WINNIPEG - CFL commissioner Jeffrey Orridge says the league and its players are continuing to work on a new drug-testing policy.

Orridge said during his state-of-the-league address Friday there's a proposal on the table and that he wants a deal as quickly as possible. He added the two sides are meeting here during Grey Cup week.

"I want to get it done as soon as possible and I take responsibility for ultimately getting it done," Orridge said. "I'm sure they've been discussing it.

"It's unfortunate we don't have a drug policy in place right now but we're working towards making it better."

In May, the CFL cut ties with the Canadian Centre for Ethics in Sport in a dispute over the league's drug policy. The move came after the head of the only laboratory in Canada sanctioned by the World Anti-Doping Agency condemned the CFL.

Christiane Ayotte said her lab wouldn't test CFL samples because of its refusal to suspend first-time offenders or uphold drug bans handed down in the university ranks. That forced the CFL to look for another testing partner.

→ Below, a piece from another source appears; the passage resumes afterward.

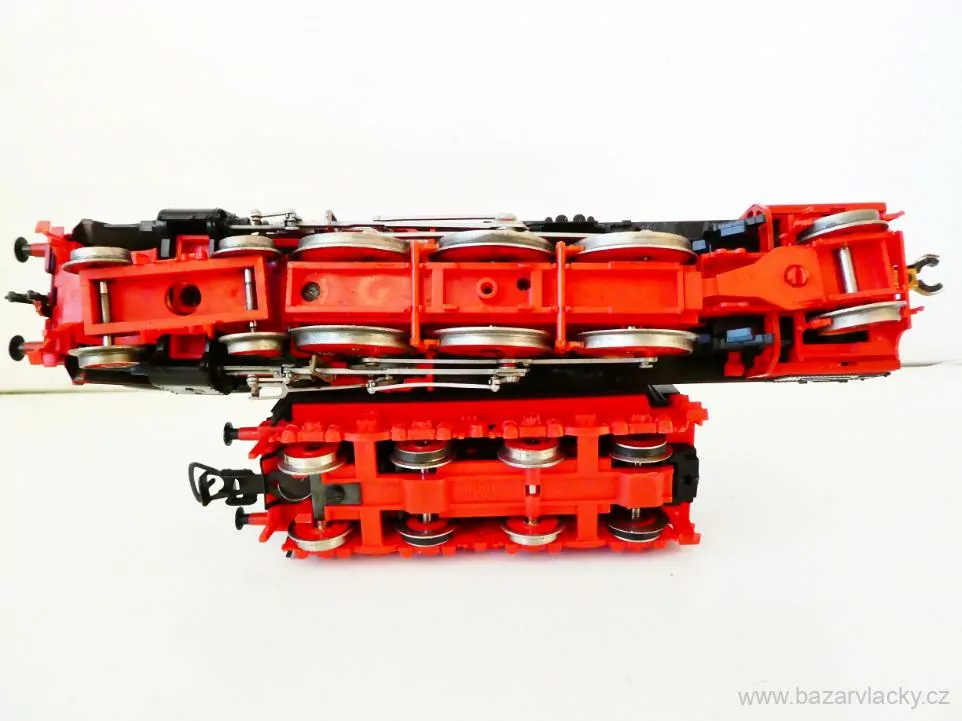 H0 PIKO Parní lokomotiva BR 03 2157-0 DR PĚKNÝ STAV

Orridge, who took over as commissioner in late April, had said earlier this season the league was "weeks" away from finding a new testing lab. But on Friday, he added he made the comment without first realizing all that was involved in the process.

"It's unfortunate we don't have a drug-testing policy in place right now," Orridge said. "It's not good for the players, it's certainly not good for the league.

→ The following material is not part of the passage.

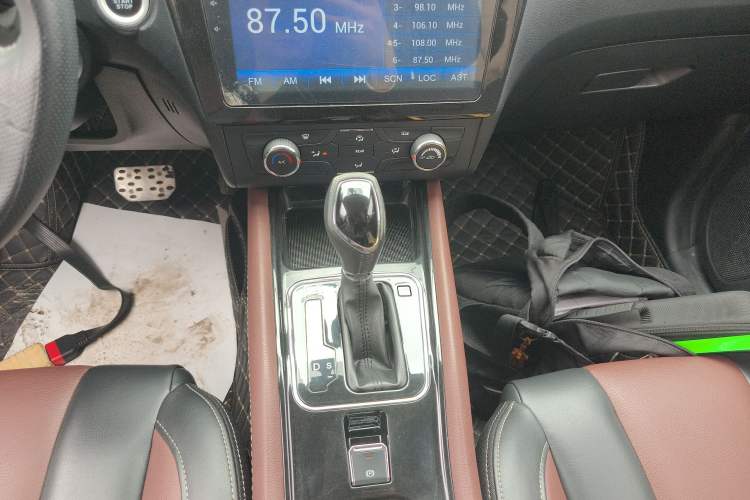 Used Dongfeng Fengon 580 2016 Revised Version 1.5T CVT Luxury Edition Gear Lever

"But we've been working hand in hand with the Players' Association on developing something that will be much more forward-thinking, much more positive and much more beneficial. As you know, it's part of the collective bargaining agreement and so we've got to do it in partnership with (players) and we want to make sure we do get it right."

Orridge also said any deal hammered out by the CFL and CFLPA must then go to the players for ratification.

"They (players) are very concerned about making sure it's equitable, it's fair, it's reasonable and it's right," Orridge said. "And not just right for today but it's right for years to come because we don't want to have to re-visit this kind of situation year in and year out.

"We want to make sure we get it right."